_About this exercise_
Your task is to repeat the entries exactly. Leave the pictures out.

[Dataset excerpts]
= = = = =

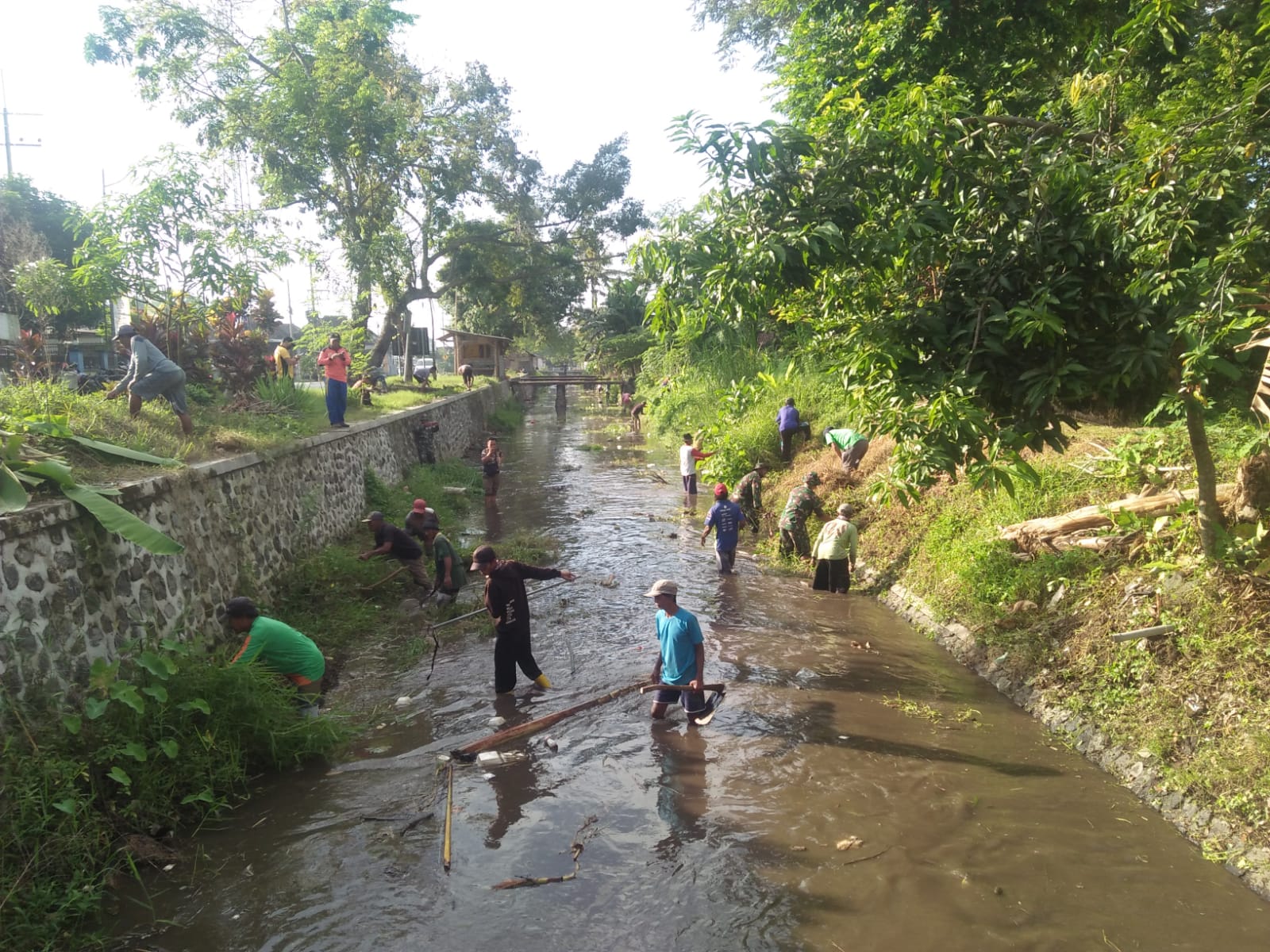 Babinsa Tekung Bersama Warga Bersih Bersih Sungai Repeh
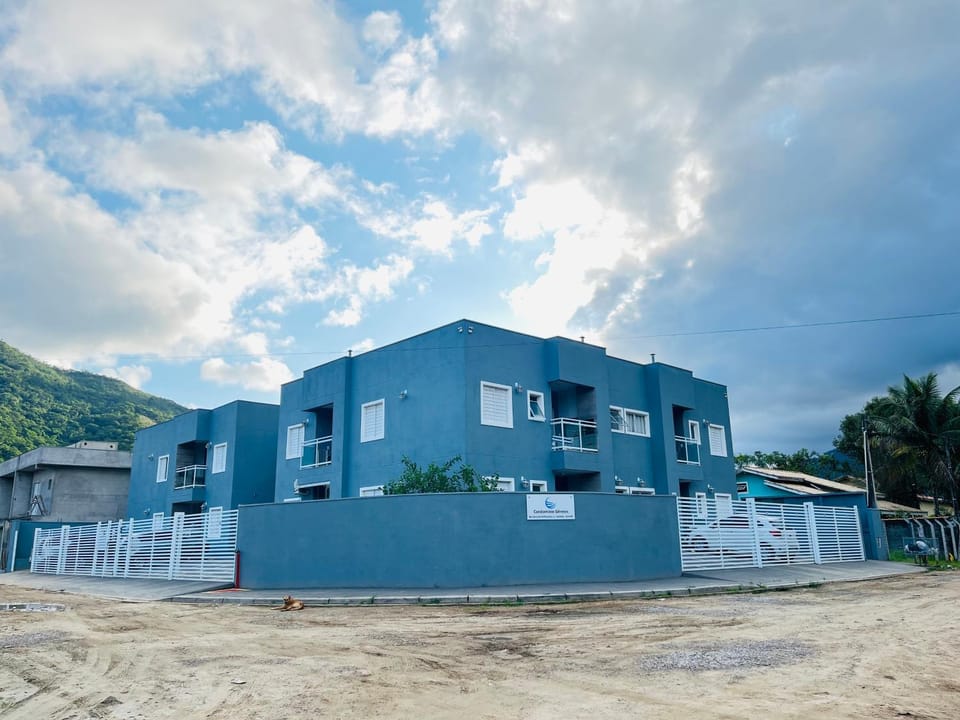 Apartamento com churrasqueira praia Maranduba Ubatuba Apartment in State of São Paulo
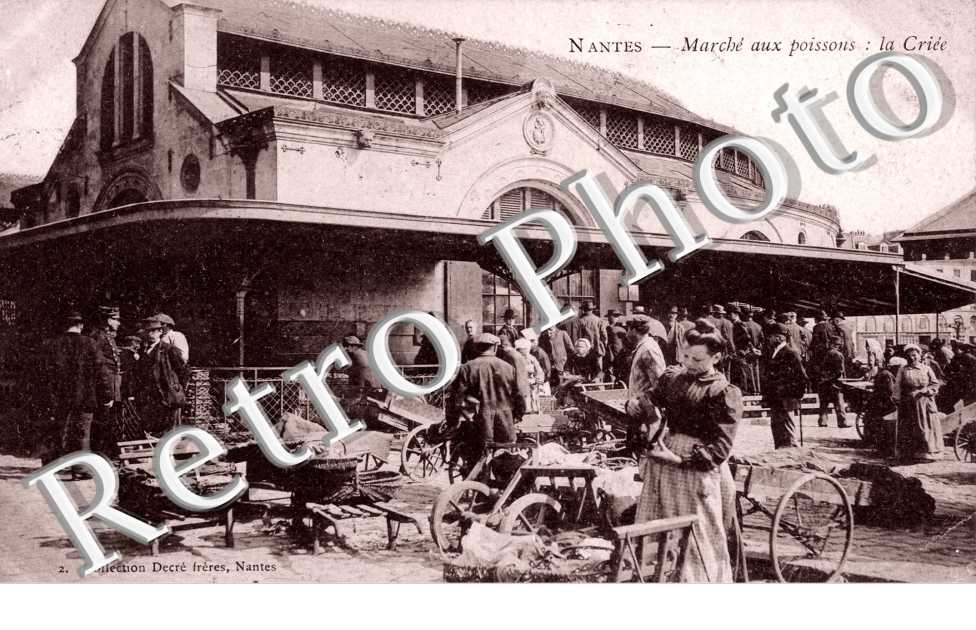 MARCHE AUX POISSONS
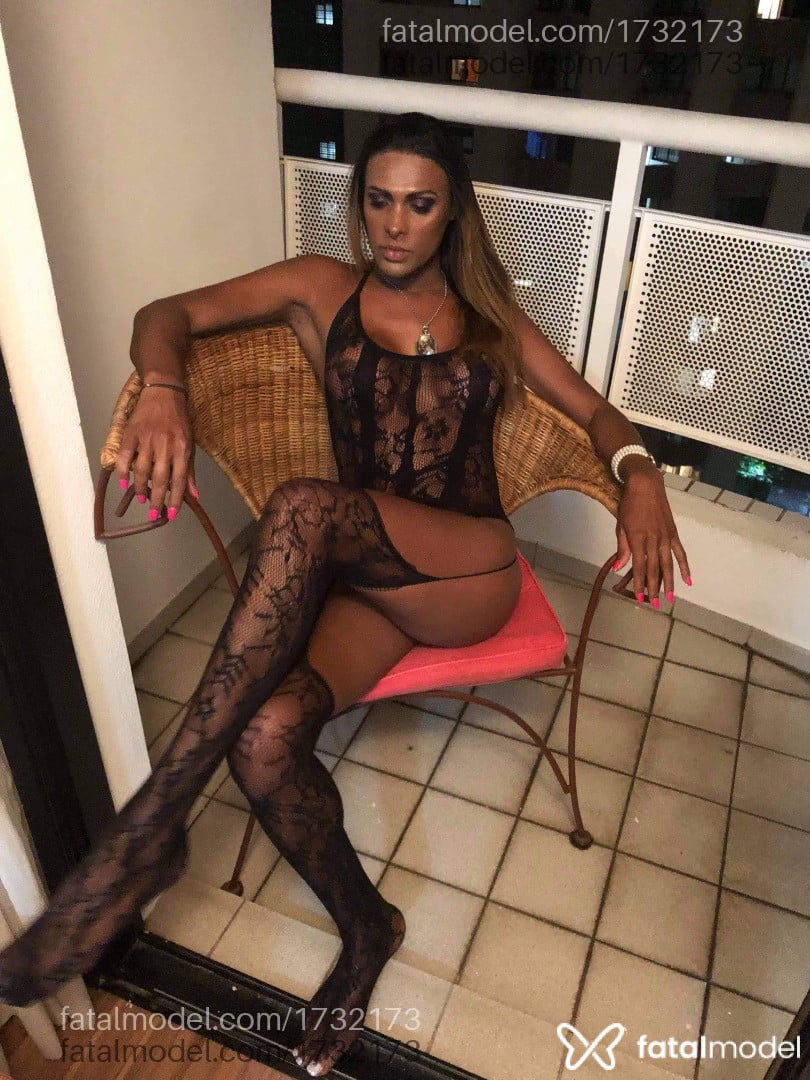Acompanhante mulher trans morena (o) de olhos pretos em São Paulo - Dianna Banana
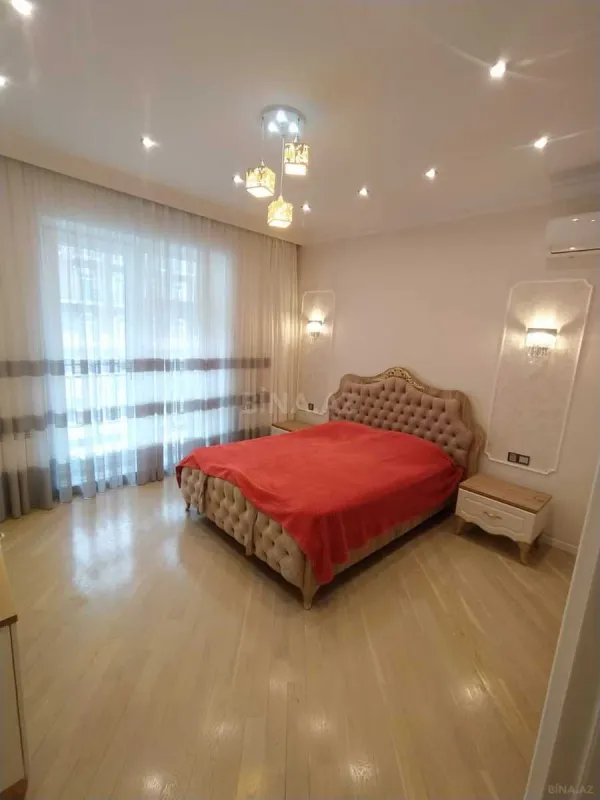 Kirayə verilir 3 otaqlı mənzil 145 m²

= = = = =

_Written response_
 Babinsa Tekung Bersama Warga Bersih Bersih Sungai Repeh
 Apartamento com churrasqueira praia Maranduba Ubatuba Apartment in State of São Paulo
 MARCHE AUX POISSONS
Acompanhante mulher trans morena (o) de olhos pretos em São Paulo - Dianna Banana
 Kirayə verilir 3 otaqlı mənzil 145 m²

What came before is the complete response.